[Crawled caption data]
■ ■ ■ ■ ■
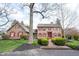 Charming home featuring red shutters and a brick walkway at 13599 Brentwood Ln, Carmel, IN 46033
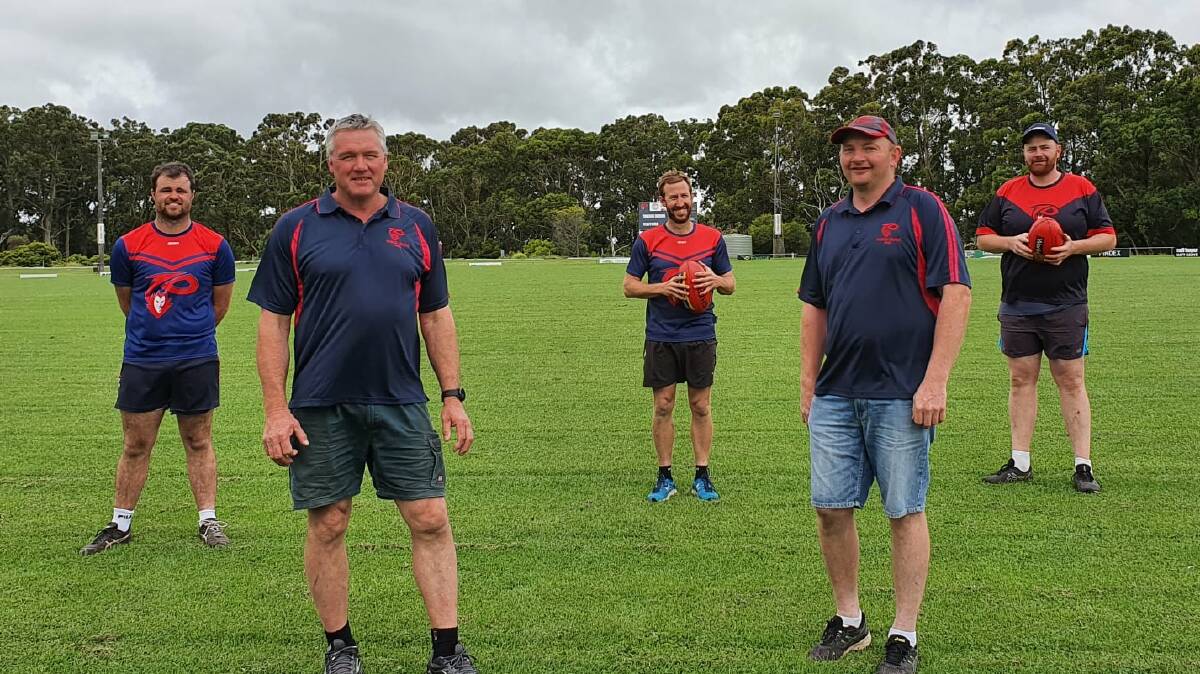 NEW START: Dennis Hobbs (second from left) has been appointed Timboon Demons' senior coach. Players Ash Rosolin (left), Ben Newey (centre), president Brendan Hickey (second from right) and Marcus Hickey (right). Picture: Timboon Demons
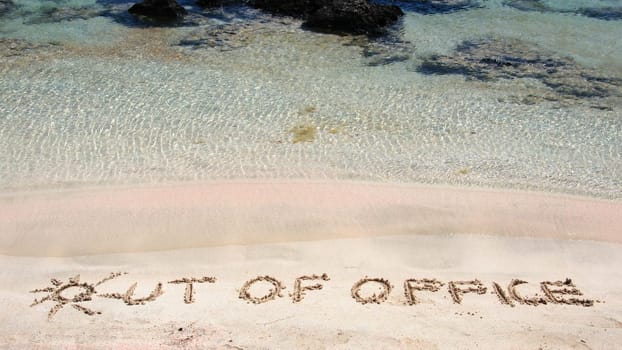 OUT OF OFFICE written on sand on a beautiful beach, blue waves in background .Relax concept image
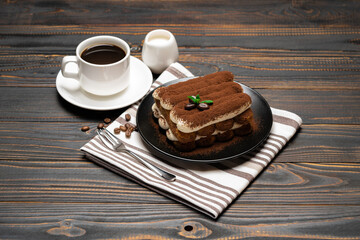 Classic tiramisu dessert on ceramic plate, milk or cream and cup of coffee on wooden background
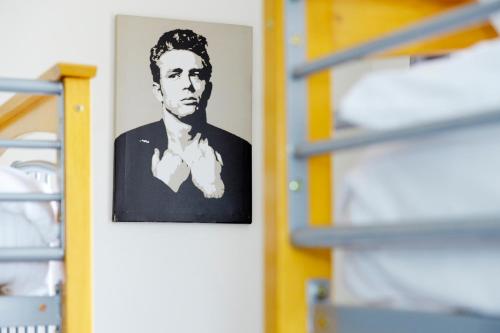 a picture of a man hanging on a wall at Southsea Rocks Hotel in Portsmouth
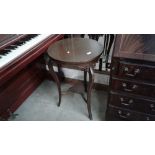 A mahogany circular topped table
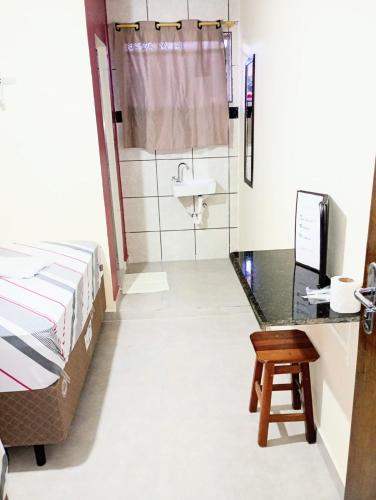 Una cama o camas en una habitación de Hotel Faf's Interlagos - SP
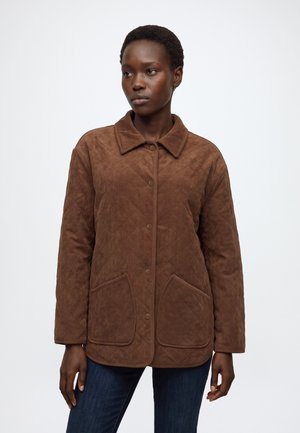 Femme aux cheveux courts portant une veste matelassée marron avec des poches avant et un jean bleu foncé sur un fond clair uni.
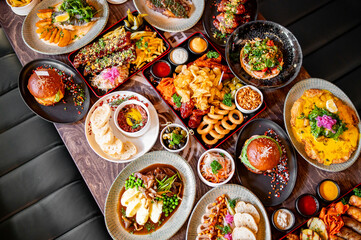 variety of restaurant food dishes on table. top view.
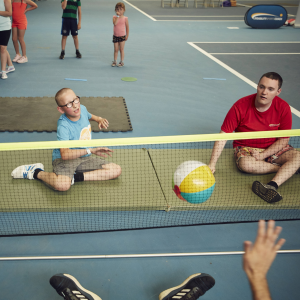 Sitting Volleyball - player taking shot
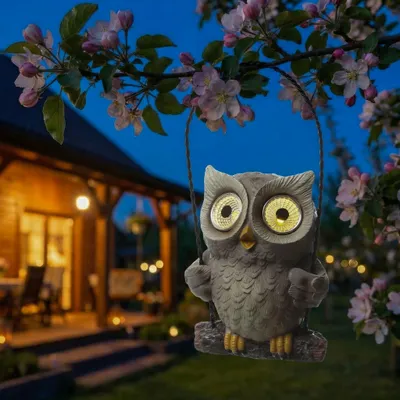 Produktbild von LED Solar Eule auf Schaukel - Gartenfigur mit leuchtenden Augen - H: 19cm - Lichtsensor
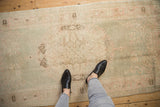 Distressed vintage Oushak runner with faded seafoam green, rose, and ivory curvilinear motifs.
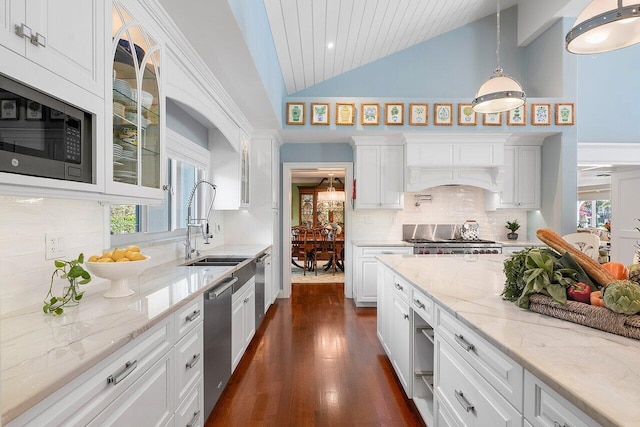 kitchen featuring hanging light fixtures, glass insert cabinets, lofted ceiling, stainless steel appliances, and white cabinets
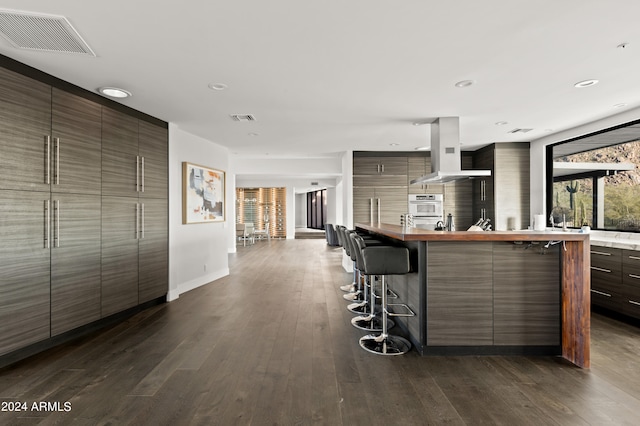 kitchen with wall oven, wall chimney exhaust hood, dark hardwood / wood-style flooring, and a kitchen breakfast bar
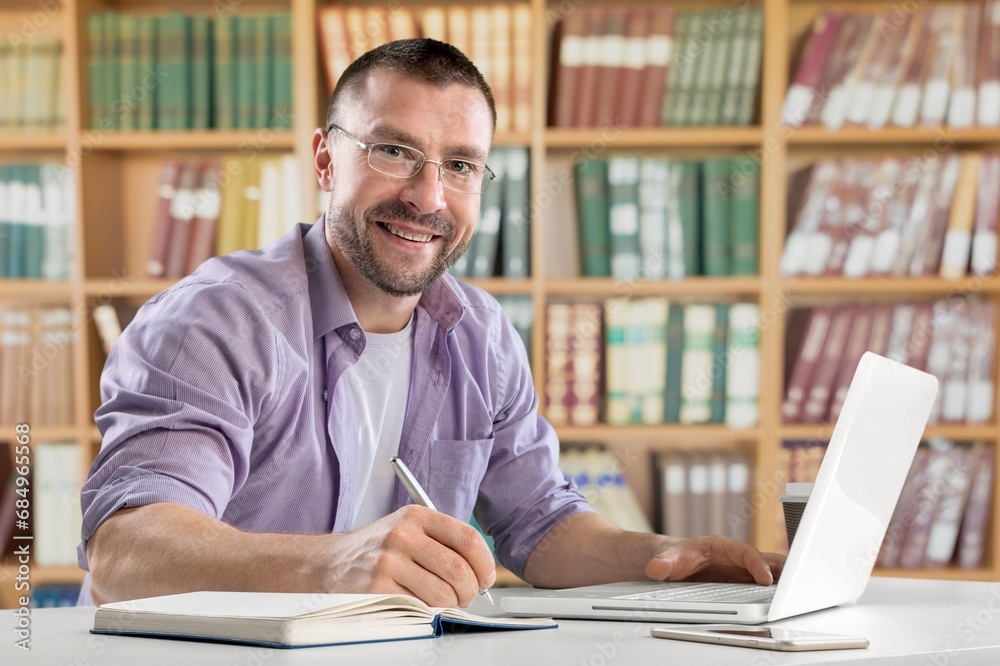 Young college student studying at library for research Young college student studying at library for research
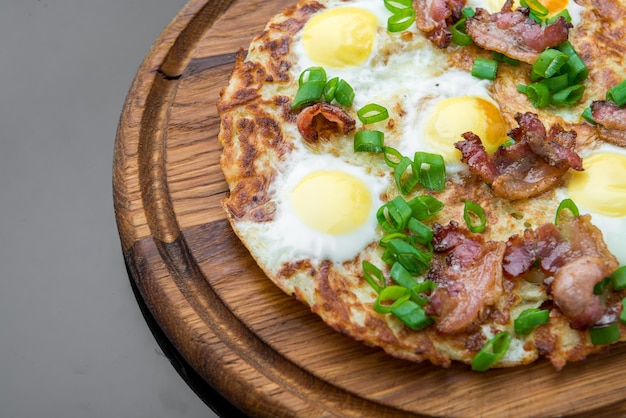 Teller mit Spiegeleiern, Speck, Tomaten und Kartoffelgrillkuchen hautnah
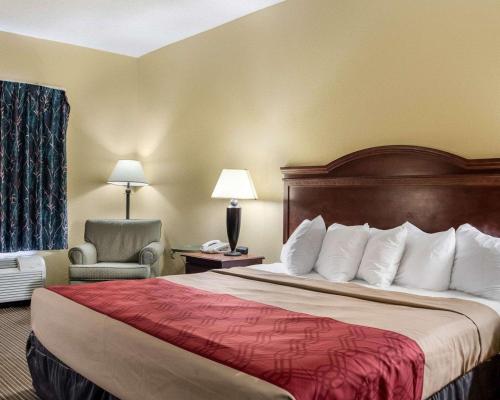 a hotel room with a bed and a chair at Econo Lodge Greenville in Greenville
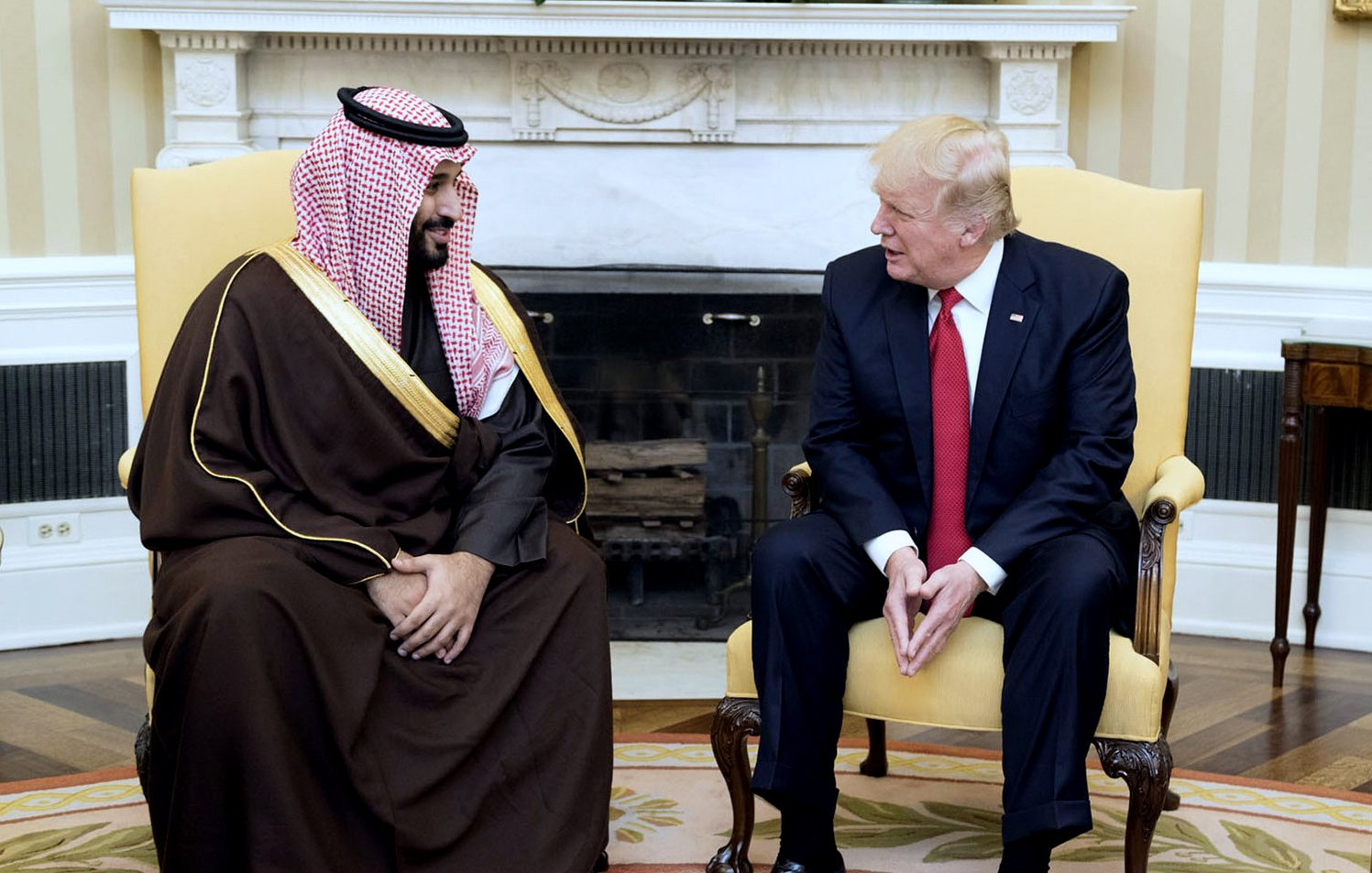 L'image montre deux hommes assis dans un salon élégant. Ils sont réunis dans un cadre formel, avec une cheminée en arrière-plan. L'un d'eux porte une tenue traditionnelle, comprenant un manteau et un headdress typique, tandis que l'autre est en costume. Ils semblent engagés dans une conversation amicale, affichant des expressions détendues. L'environnement est décoré de manière classique, avec des murs aux couleurs chaudes et quelques éléments de décoration.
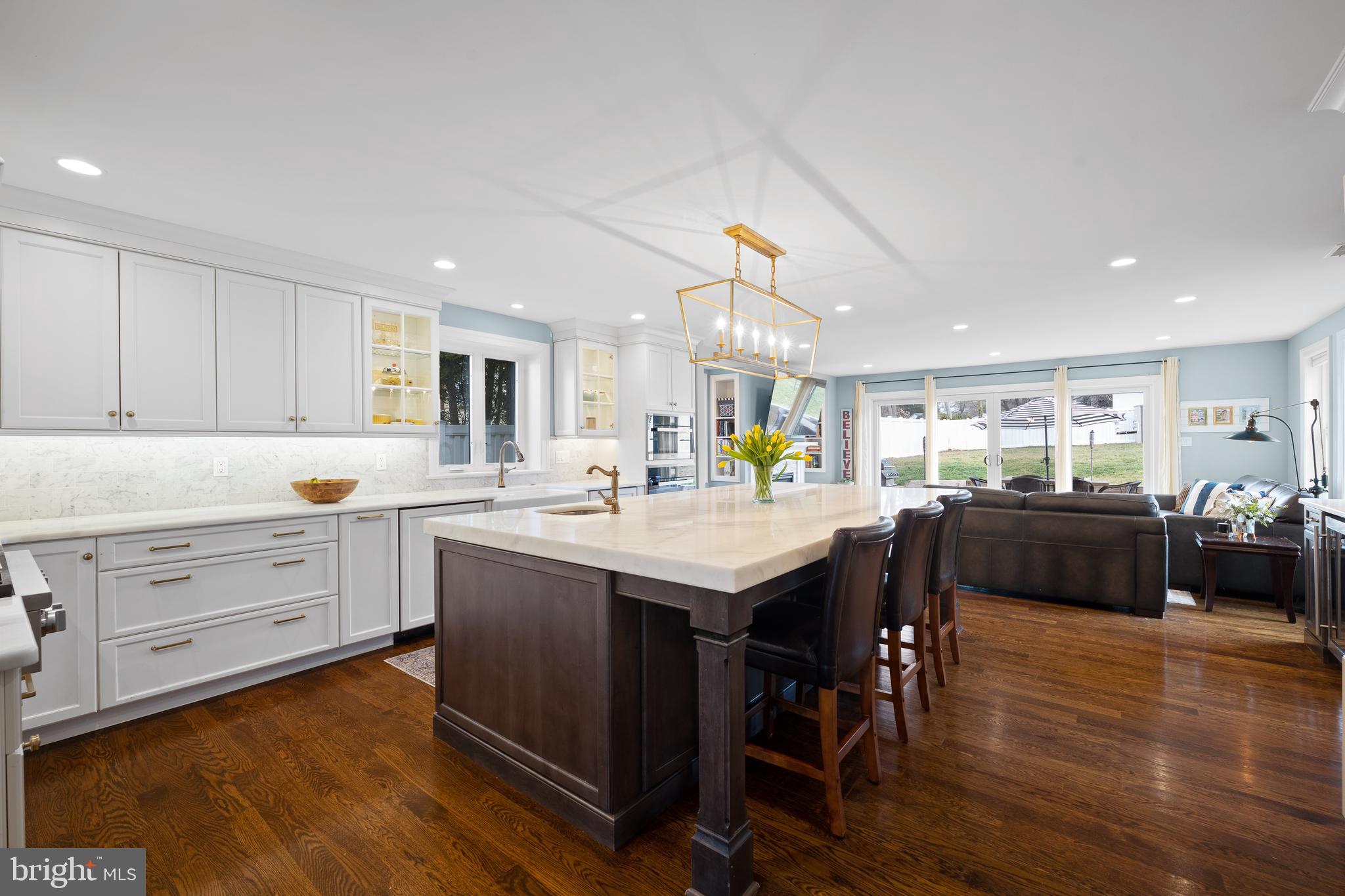 115 Barcladen Road Bryn Mawr, PA 19010 - Photo 4 of 39 a kitchen with a table chairs sink and cabinets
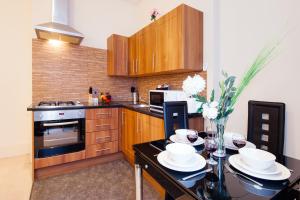 a kitchen with wooden cabinets and a table with glasses of wine at All2Stay South Kensington Apartment in London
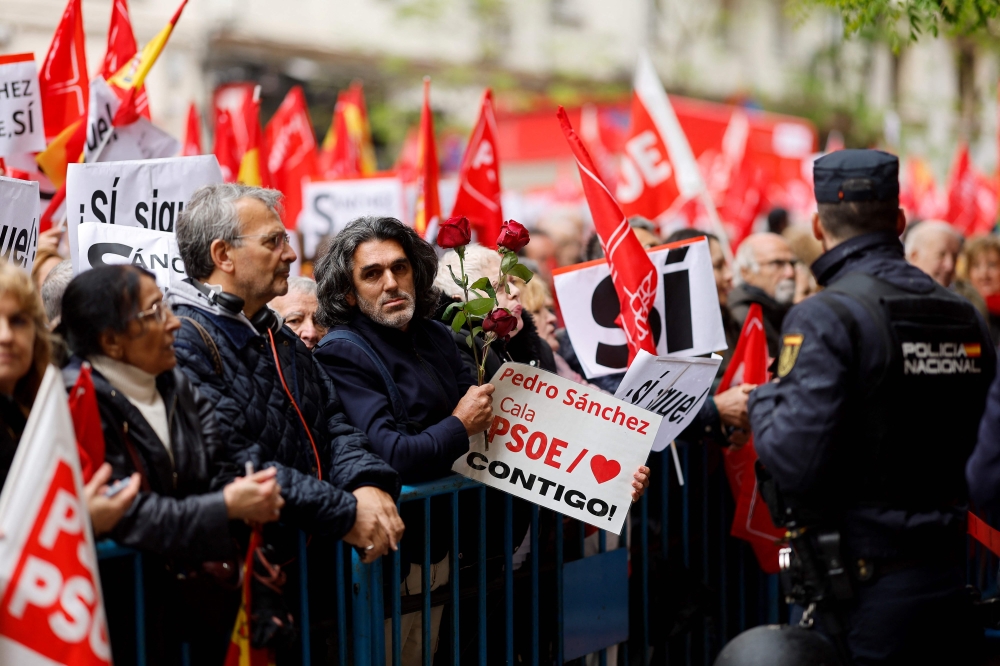 A protestor holds a sign and roses during a demonstration called in support of the Spanish Prime Minister, in front of the PSOE party headquarters in Madrid, on April 27, 2024. (Photo by OSCAR DEL POZO / AFP)
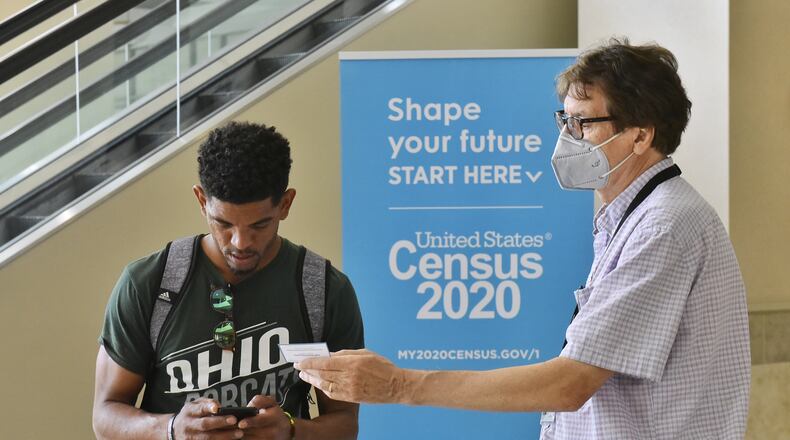 Census worker Don Nunnelley, right, helps Omar Contaro Raimundo with information to access the 2020 Census website to be counted Monday, August 31, 2020 at the Butler County Government Services Center in Hamilton. NICK GRAHAM / STAFF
■ ■ ■ ■ ■
== GOAL OF THE EXERCISE ==
The copy must begin at the line containing "a hotel room" and end at the last line of the data above, with every line retyped exactly and no pictures included.

== RESULT FOR THIS EXERCISE ==
 a hotel room with a bed and a chair at Econo Lodge Greenville in Greenville
 L'image montre deux hommes assis dans un salon élégant. Ils sont réunis dans un cadre formel, avec une cheminée en arrière-plan. L'un d'eux porte une tenue traditionnelle, comprenant un manteau et un headdress typique, tandis que l'autre est en costume. Ils semblent engagés dans une conversation amicale, affichant des expressions détendues. L'environnement est décoré de manière classique, avec des murs aux couleurs chaudes et quelques éléments de décoration.
 115 Barcladen Road Bryn Mawr, PA 19010 - Photo 4 of 39 a kitchen with a table chairs sink and cabinets
 a kitchen with wooden cabinets and a table with glasses of wine at All2Stay South Kensington Apartment in London
 A protestor holds a sign and roses during a demonstration called in support of the Spanish Prime Minister, in front of the PSOE party headquarters in Madrid, on April 27, 2024. (Photo by OSCAR DEL POZO / AFP)
 Census worker Don Nunnelley, right, helps Omar Contaro Raimundo with information to access the 2020 Census website to be counted Monday, August 31, 2020 at the Butler County Government Services Center in Hamilton. NICK GRAHAM / STAFF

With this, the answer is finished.